On Wednesday I vacuumed my living room for
the first time in several months and filled up the canister with my dirt
harvest. I don’t know where it all comes from but it’s nice that most of it
accumulates along the edges of the room rather than in the middle where I live.
I spent a lot of
time working on my journal entry about the life and death of Tom Phillips. That
included digging through my two large drawers full of mostly my own unfinished
collages and other images on paper to find some of Tom’s artwork that he’d give
me. I found a print of a painting and another of a woodcut but couldn’t find
any of the poetry he’d written. I know that he’d given me some over the years.

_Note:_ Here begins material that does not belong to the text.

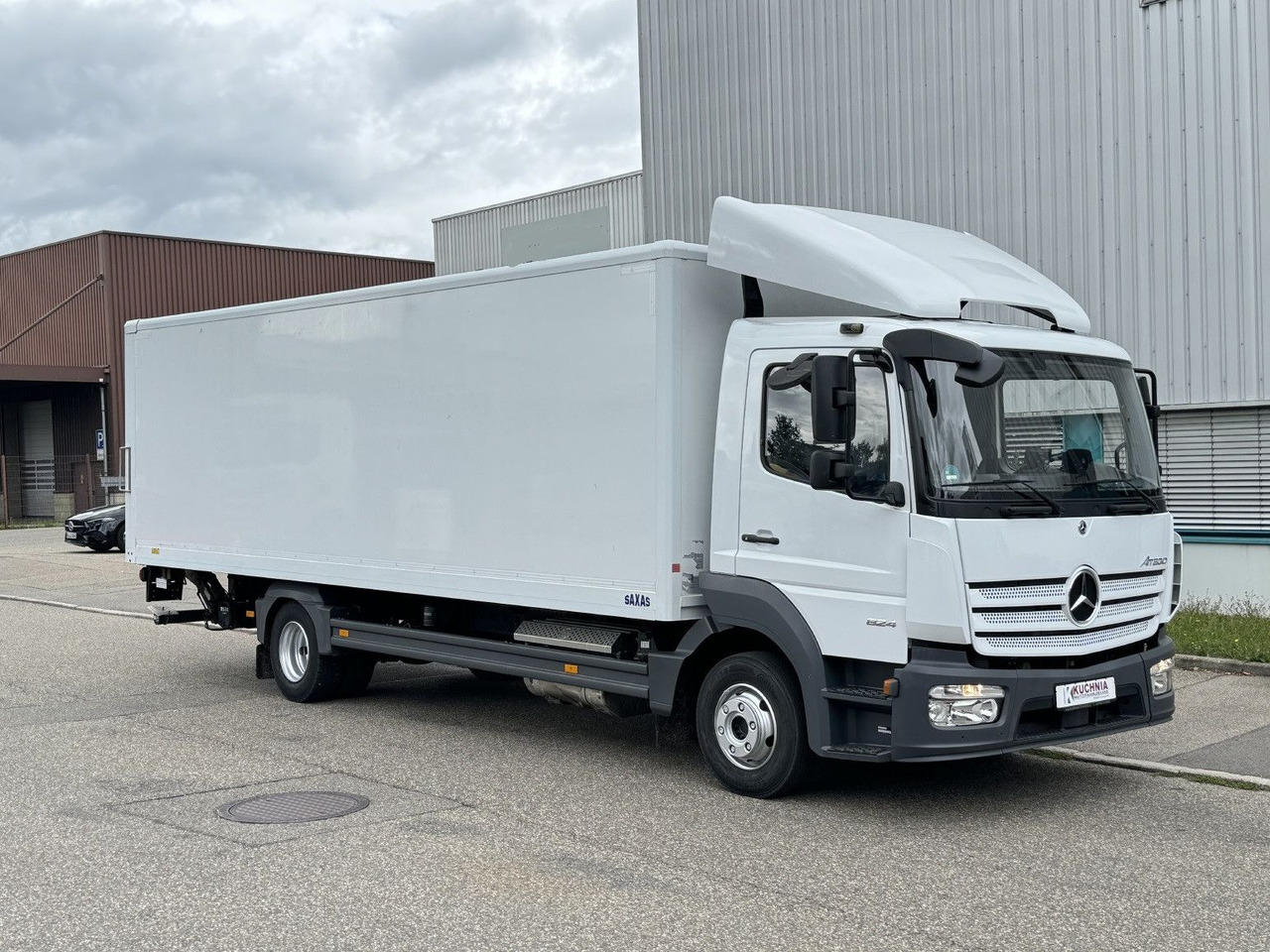 Mercedes-Benz Atego 824L Koffer 7,1m LBW Klima Diff. Sperre - Furgoneta caja cerrada: foto 3 Mercedes-Benz Atego 824L Koffer 7,1m LBW Klima Diff. Sperre - Furgoneta caja cerrada: foto 3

I have one fat folder in my tall filing cabinet that contains the writing of
others, mostly left over from the poetry slams that I ran back in the 90s, but
still couldn’t find any of Tom’s writing, so I gave up on that. I’m sure it’ll
pop up sometime when I’m not looking for it.
One result from
rifling through the drawers was that it put new dust on my living room floor,
almost rendering all my previous vacuuming a waste of time.
In the late
afternoon I took a bike ride. Once I was downtown and anywhere east of Yonge
there were line-ups of cyclists at every light. I got ahead of each of them
once the light turned green. This time I went as far as Coxwell. On the way
back a super villain in spandex whizzed past me but I couldn’t overtake him
without exposing my secret identity, thereby putting my family in danger.
I went down Yonge
Street and almost all the way down was riding beside an obnoxiously loud yellow
Lamborghini that looked like a steamroller had run over a Corvette. The two
young guys riding in the rude machine would rev the engine at every light and
it sounded like a mechanical lion coughing up a hairball. I was often ahead of
them but they would pass me about halfway before each corner. They finally
turned left on Victoria.
When I got home I
went back out to the liquor store to get a can of Creemore to have with my
dinner. I ate while watching an Alfred Hitchcock Hour teleplay starring Jack
Cassidy as a photographer named Arthur Mannix who doubles as an assassin. All
of his killing work seems to come from one mega corporation that, instead of
firing its unwanted employees, kills them off. Meanwhile, Arthur is courting a
gorgeous young woman named Sylvia whose father, Ernest tells him that he will
only let him marry his daughter once he has $50,000 in the bank. The person
that pays Arthur for his work has just been told by his boss that the company
is downsizing and so only the cream of employees are to keep their jobs.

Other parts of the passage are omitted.